Try it:
Return nothing but the lines from the one containing "main property photo 45" through the end of the records below, exactly as they stand and without pictures.

Material for this exercise:
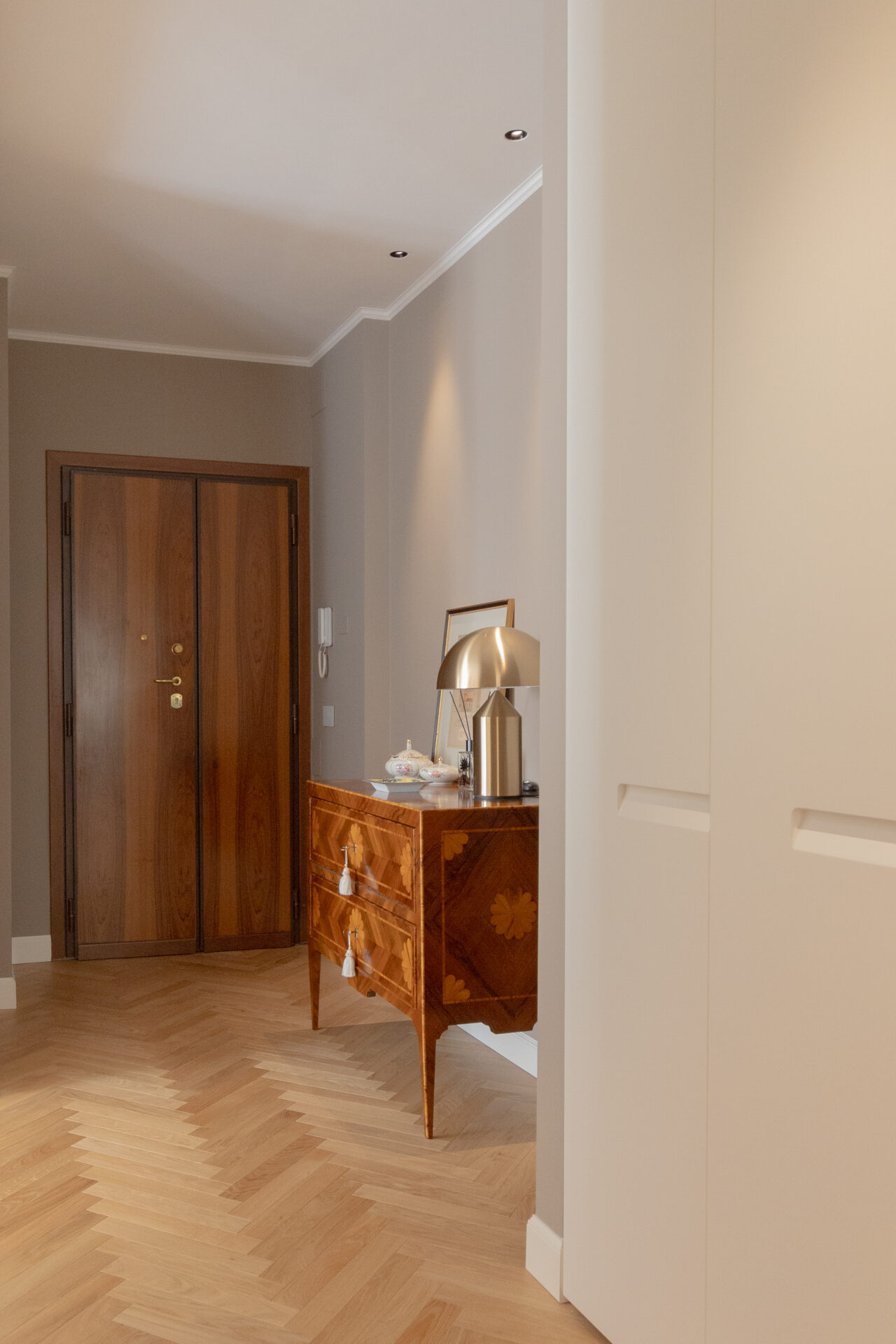 appartamento-b-falegnameria-del-forte-65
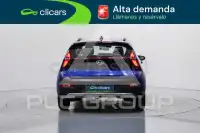 2024 Hyundai Bayon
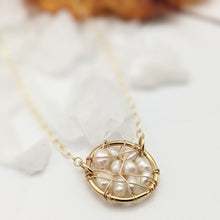 Load image into Gallery viewer, Venezuela Necklace
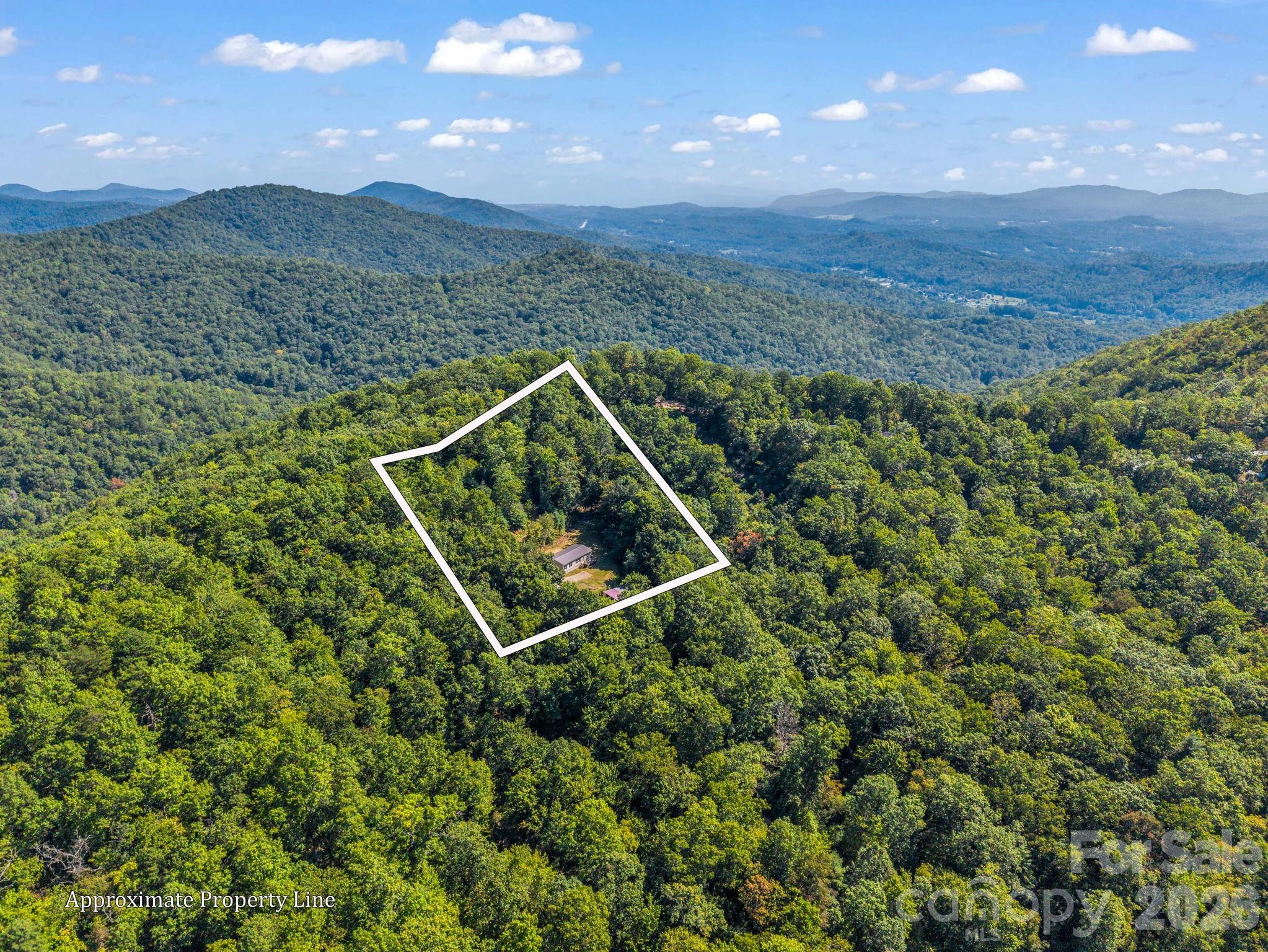 main property photo 45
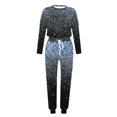 View all media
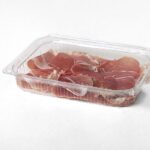 2-vaschetta-rettangolare vaschette trasparenti rettangolari per alimenti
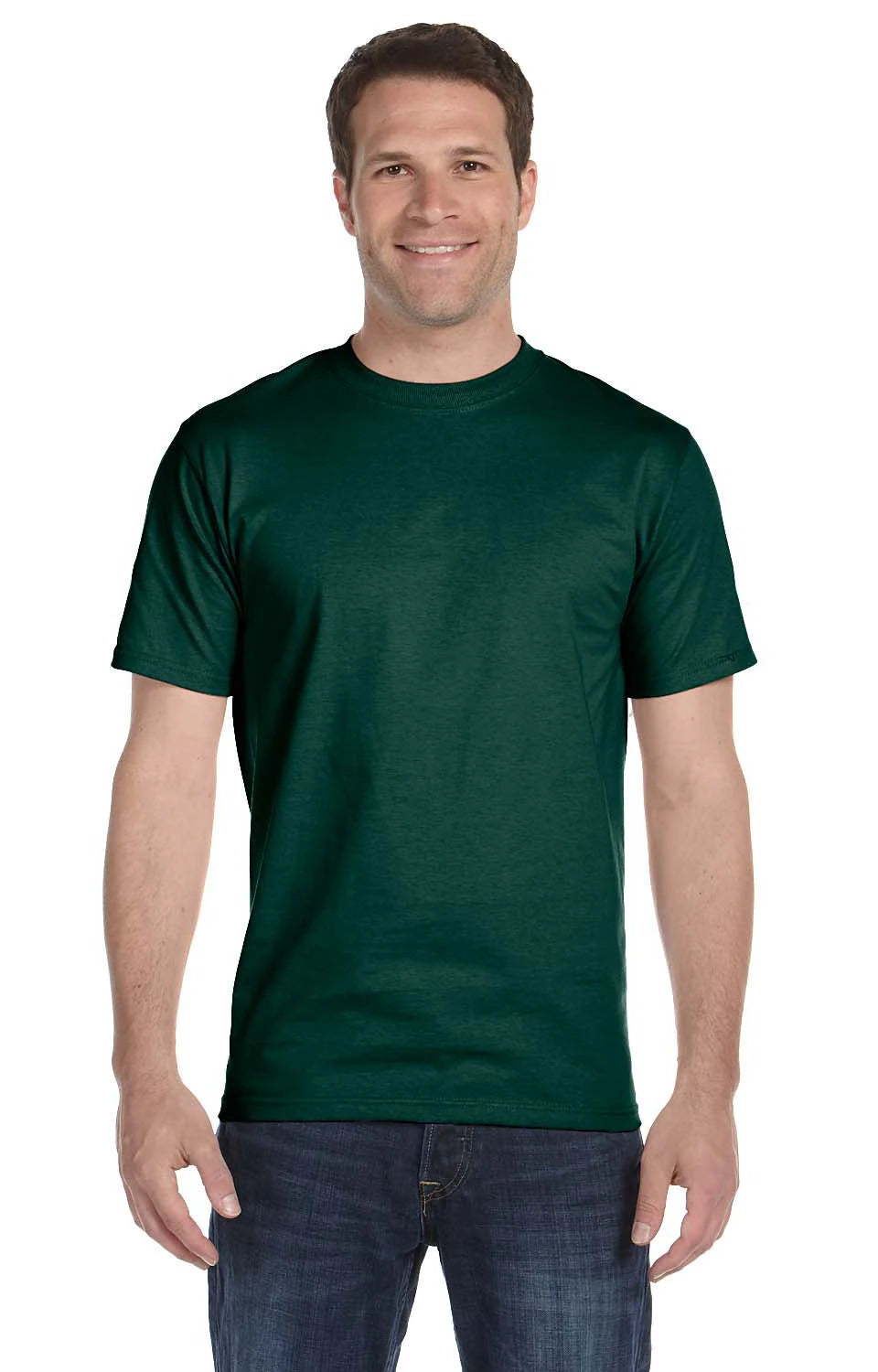 Dri fit style shirts deals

Your response:
 main property photo 45
 View all media
 2-vaschetta-rettangolare vaschette trasparenti rettangolari per alimenti
 Dri fit style shirts deals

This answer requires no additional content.